The forest finally broke into open ground—
and with it, the lines of the main army.
The reconnaissance team burst through the last trees, exhausted and bloodied, into the fortified position of the western front. Shields turned toward them, but when the sentries recognized their tattered insignia, the call went up—
“Recon team! Open the line!”
Hands reached out, pulling the wounded to safety. The injured were rushed toward the medics’ tents already waiting near the rear ridge. The air smelled of steel, sweat, and herbs. The healers worked fast, their chants soft but urgent.
Surya stumbled to a halt, his chest still burning from the run, the echo of that whisper still faintly brushing the edge of his thoughts. He looked around—the fortress ground had transformed into a field of organized chaos. The Garuda and Vanastha soldiers were already taking formation—lines forming, bows drawn, shields locking.
He heard familiar voices through the noise. Dharan and Arni pushed through a cluster of soldiers, both dusty and wide-eyed.
“Surya!” Dharan reached him first, grabbing his arm. “Are you hurt? We saw the fire—”
“I’m fine,” Surya said, though his voice was still rough. “The others?”
“Some lost… most made it,” Arni replied quietly. “The scouts near the smoke are gone.”
Before Surya could answer, a firm voice cut through the noise behind them.
“Yuvraj!”
Commander Prithak strode toward him, his armor still gleaming despite the grime of readiness. A bow hung across his back, and his quiver was already half-empty. He scanned Surya quickly.
“You’re unhurt?”
Surya nodded. “Bruised, not broken. But we’ve seen worse than bruises out there.”
Prithak’s eyes narrowed slightly. “What happened?”

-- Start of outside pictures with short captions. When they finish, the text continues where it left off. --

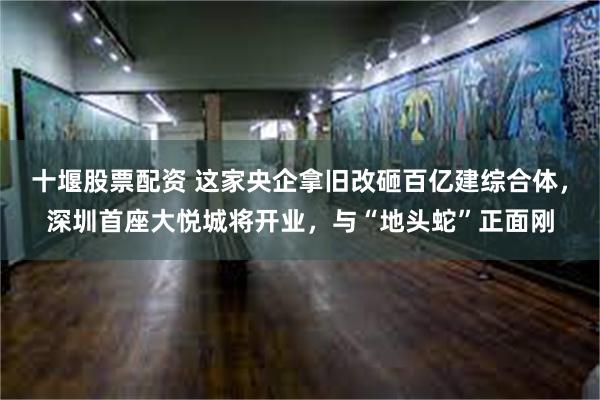 十堰股票配资 这家央企拿旧改砸百亿建综合体，深圳首座大悦城将开业，与“地头蛇”正面刚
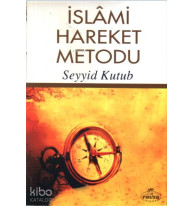 İslâmi Hareket Metodu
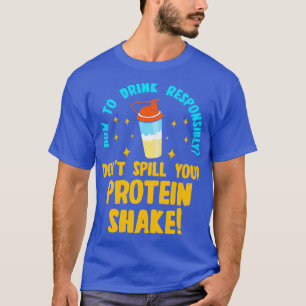 Camiseta Como Beber Responsavelmente Não Derramar Proteína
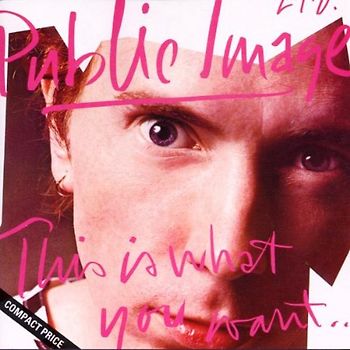 Public Image Limited - This Is What You Want Get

Surya hesitated. “They’re not just fighting. They’re—corrupted. Something is bending their minds. The Rakshasa, or what’s left of it, is inside them.”
The commander’s jaw tightened, but he didn’t argue. He turned his gaze toward the front lines where Bhargava and his troops were already forming ranks. “Then we hold the line and cleanse the field the only way we can—discipline and fire.”
As if on cue, the drums began to beat.
Slow at first—two strikes, a pause, then two again. The rhythm moved through the camp like a pulse. Soldiers straightened instinctively. Orders were not shouted—they were heard in rhythm.
Surya turned to Prithak. “They follow the drums?”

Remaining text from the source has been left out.